On 7/22/2012 10:34 AM, Andreas Säger wrote:
Enter raw data into a spreadsheet (Excel, Gnumeric, Calc, whatever), a
text editor, some dBase application, a true database, whatever.
Connect a Base document to the tabular data source and design a report.
But that's the point isn't it. I've got to enter data into the
spreadsheet. We're in agreement.
Why must I take the time, expense and trouble to "design a report" when
I can get satisfactory results with a bare minimum of time, expense and
trouble using Calc?
Clearly, you know Base and designing said report is no big deal for
you. I think I may have opened Base once, and I simply don't have the
time to learn it, nor the money to pay someone else to do the work for
me. Especially not when a solution presents itself in Calc so readily.
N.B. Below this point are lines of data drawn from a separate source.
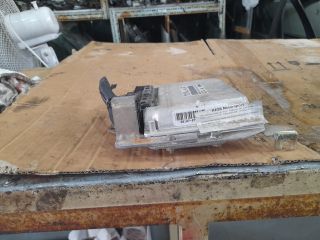 bontott HYUNDAI TRAJET Jobb első Ablakemelő Elektronika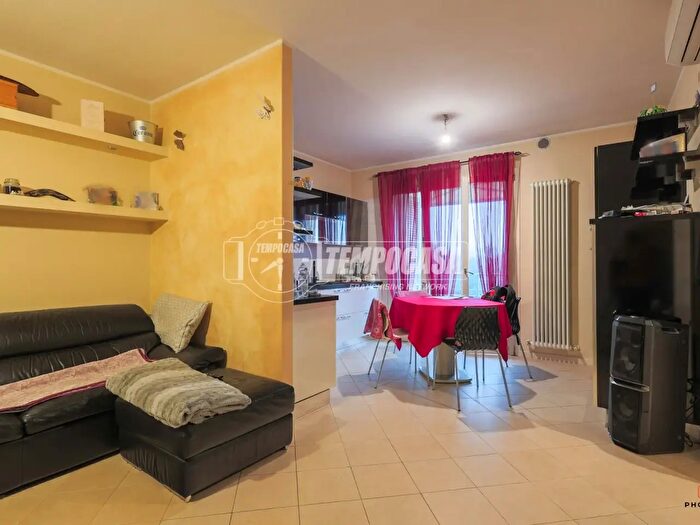 Appartamento quadrilocale in vendita in Via Tavoleto, Misano Adriatico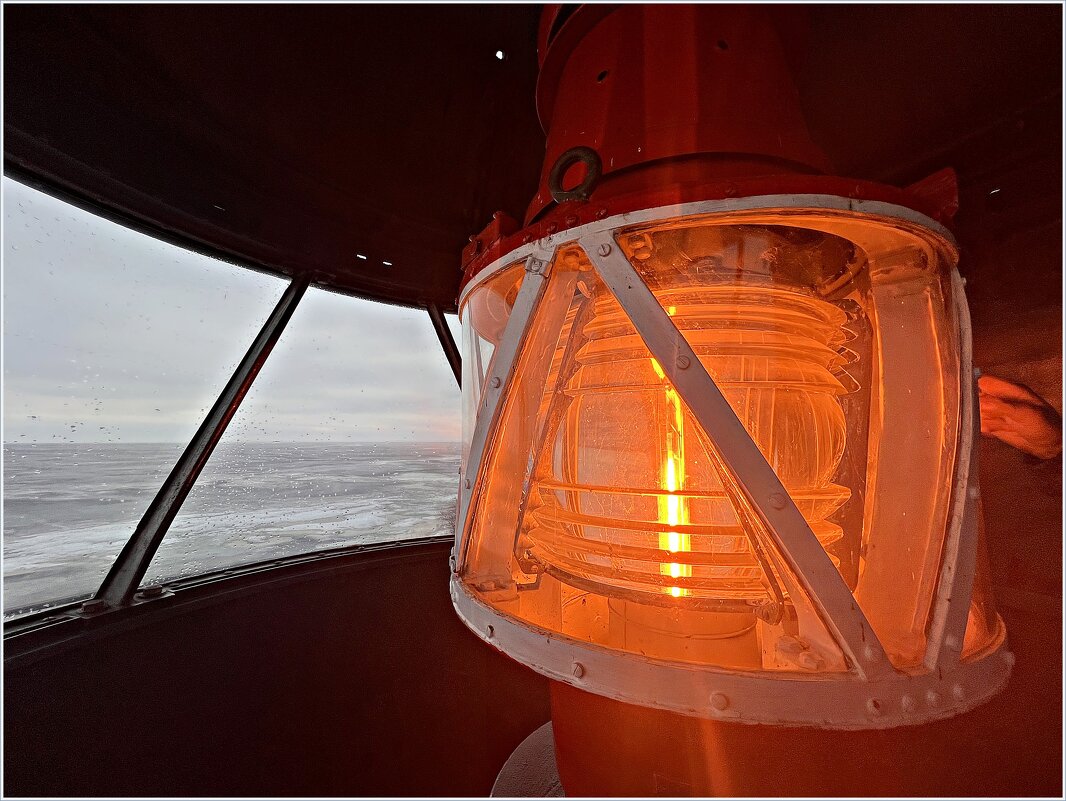 Фонарь маяка. - Валерия Комова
Yes, your solution is elegant, ideal and based in academia where people
have all the time in the world to learn applications and techniques and
then design dream or "best practice" solutions. In the world of
business it's about simplicity, speed, expense and return on
investment. I can hire a virtual assistant from a third world country
for less than $2 an hour, who already knows how to use a spreadsheet
(not that cut & pasting requires much knowledge), whereas to hire a
programmer to design a report would cost in excess of $8 an hour (and
everytime I need a change I either have to go find that same contractor
who now charges more, or start the interview process all over again; a
time consuming task) - plus I still need to hire the assistant that ends
up doing just about the exact same (busy) work anyway. So where is the
economical benefit to your solution?
Your solution works for you because you have not considered the real
cost of implementing it. It may be "best practice" from an academic,
engineering and/or scientific standpoint, but from a SMALL business
perspective it makes little sense. You've absorbed the cost of your own
time and pegged it's value at zero. I'm taking real dollars out of my
own pocket and paying someone to do the work. It's the same reason why
people hire housekeepers - if the cost of the housekeeper were more than
the employers income they couldn't afford to pay the housekeeper for
long and would eventually have to clean their own house. You're
cleaning your own house and that works for you. Great! I prefer to pay
someone so I'm free to focus my time on what I hope are more profitable
endeavors.
As a matter of fact, database forms (even Base forms) provide much
faster and less error prone ways of data entry. In the last 2 years I
replaced a dozend of useless spreadsheet lists with simple databases
because "my users" never really got used to spreadsheet editing
(navigation, dates, numbers, clear, delete, ...). Spreadsheets are too
versatile for untrained users. Wrong data yield wrong results. My
databases collect a thousand of manually entered records per month on
a local network.
So really you're trying to apply a one-size-fits-all approach. My users
(1 or 2 assistants) already know how to use spreadsheets so technically
they're not "untrained", whereas your users do not know how. You
collect thousands of MANUALLY entered records per month. I might have
maybe a thousand or so records total, which can be cut & pasted from
website to spreadsheet. My needs are different than yours. Any
solution needs to take the customer's needs and unique situation into
account and in this case I'm the customer.